TASK INPUTS Block Start
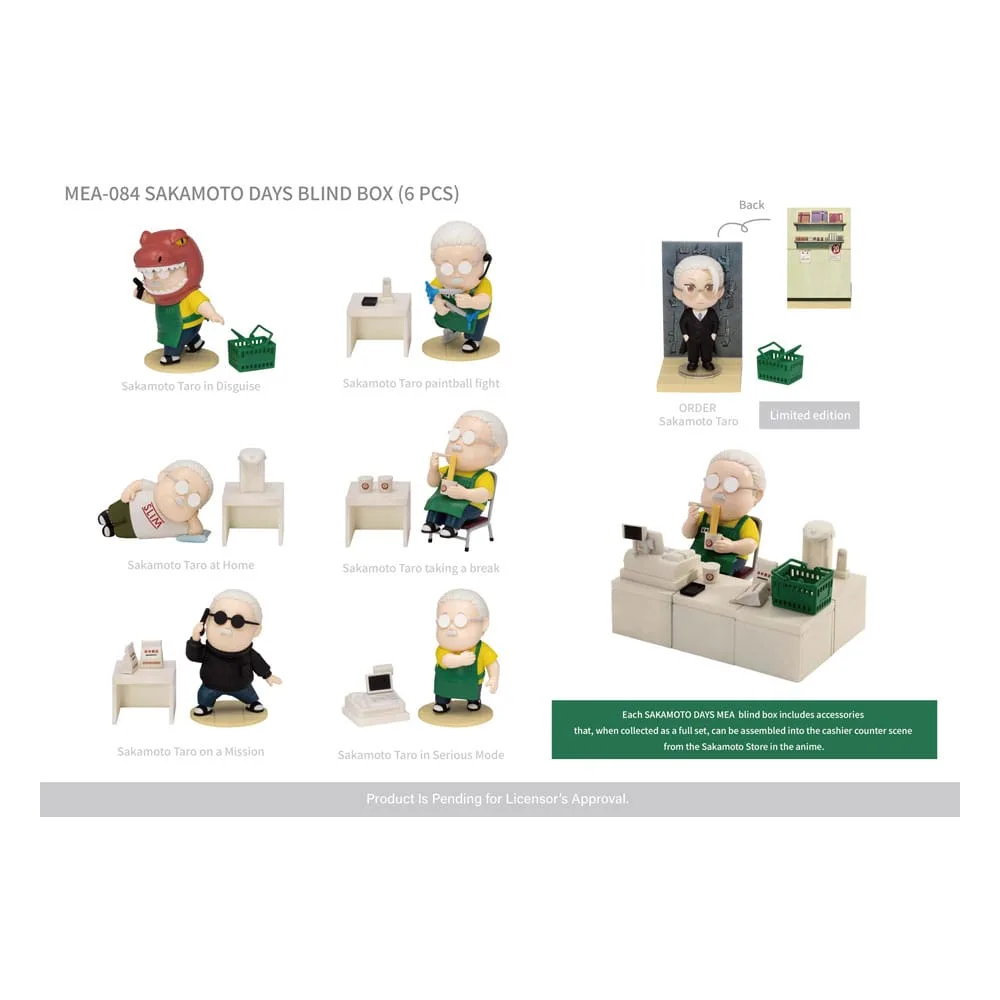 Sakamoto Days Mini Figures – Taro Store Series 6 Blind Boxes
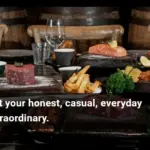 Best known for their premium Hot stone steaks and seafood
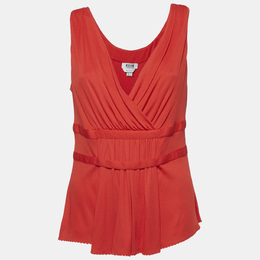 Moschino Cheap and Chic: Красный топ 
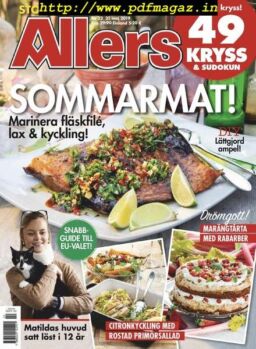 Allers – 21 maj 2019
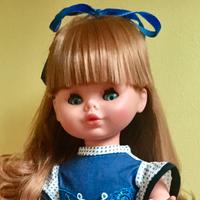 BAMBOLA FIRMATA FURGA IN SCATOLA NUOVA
TASK INPUTS Block End
- [PROMPT]: Output the data exactly. Leave every picture out.

- [WRITTEN SOLUTION]:
 Sakamoto Days Mini Figures – Taro Store Series 6 Blind Boxes
 Best known for their premium Hot stone steaks and seafood
 Moschino Cheap and Chic: Красный топ 
 Allers – 21 maj 2019
 BAMBOLA FIRMATA FURGA IN SCATOLA NUOVA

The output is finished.